Immigrants are identified based on their nationality at entry in the labour market. The term immigrants in this chapter therefore refers to foreign nationals instead of foreign-born as is standard practice in OECD studies.5 Given that immigrant status is defined at entry in the labour market, citizenship acquisition after entry is not a confounding factor. This definition of immigrants may however include individuals born in the host country who do not have the host country’s nationality, such as the native‑born adult children of immigrants in some OECD countries.
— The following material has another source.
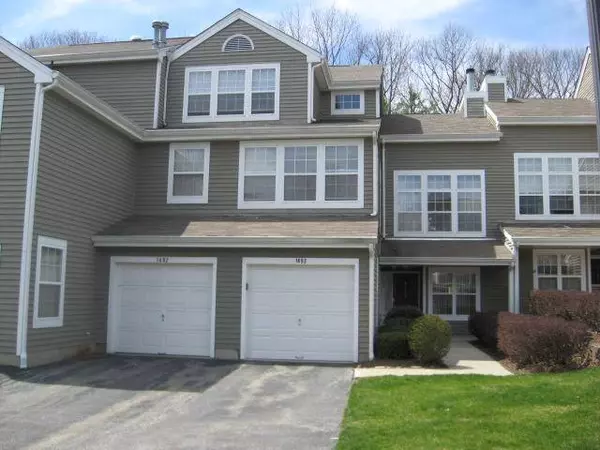 2 Hawthorne Pl, East Orange City, NJ 07018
The chapter focusses on immigrants’ first years in formal employment in the host country, that is, the first year they are in the data. To avoid including workers who are not entering the labour market but only returning from a spell out of work, the analysis includes only immigrants who are not in employment in the first three years of the data but enter employment in the subsequent years.6
A limitation of administrative data, relative to survey data for example, is the little information on individual characteristics. Information on educational attainment in particular, is not available for all countries. Hence, the immigrant earnings gap do not account for educational differences in the main results. However, additional results taking into account educational differences between immigrants and the native‑born are presented for countries with available data.
The analysis covers all immigrants who first entered the labour market of the 15 OECD countries in the early 2000s to the mid‑2010s. Over this period, over 7 million new immigrants are observed in the data (Annex Table 4.B.1). Women represent 43% of all immigrants in the sample. The average age of immigrants at entry in the host country labour market is 32 years.
Immigrants’ regions-of-origin vary significantly between host countries. These differences partly reflect geography and historical ties between some origin and destination countries. In Portugal, Spain and the United States, a large share of immigrants come from Latin American countries (33%, 22% and 40%) (Figure 4.1). In Portugal, these mainly come from Brazil, while in Spain and the United States they mainly come from Spanish-speaking Latin-American countries. In France, over half of immigrants come from African countries (33% from North Africa and 21% from Sub-Saharan Africa), mostly from predominantly French-speaking former colonies. In Canada and New Zealand, close to half of immigrants come from Asia.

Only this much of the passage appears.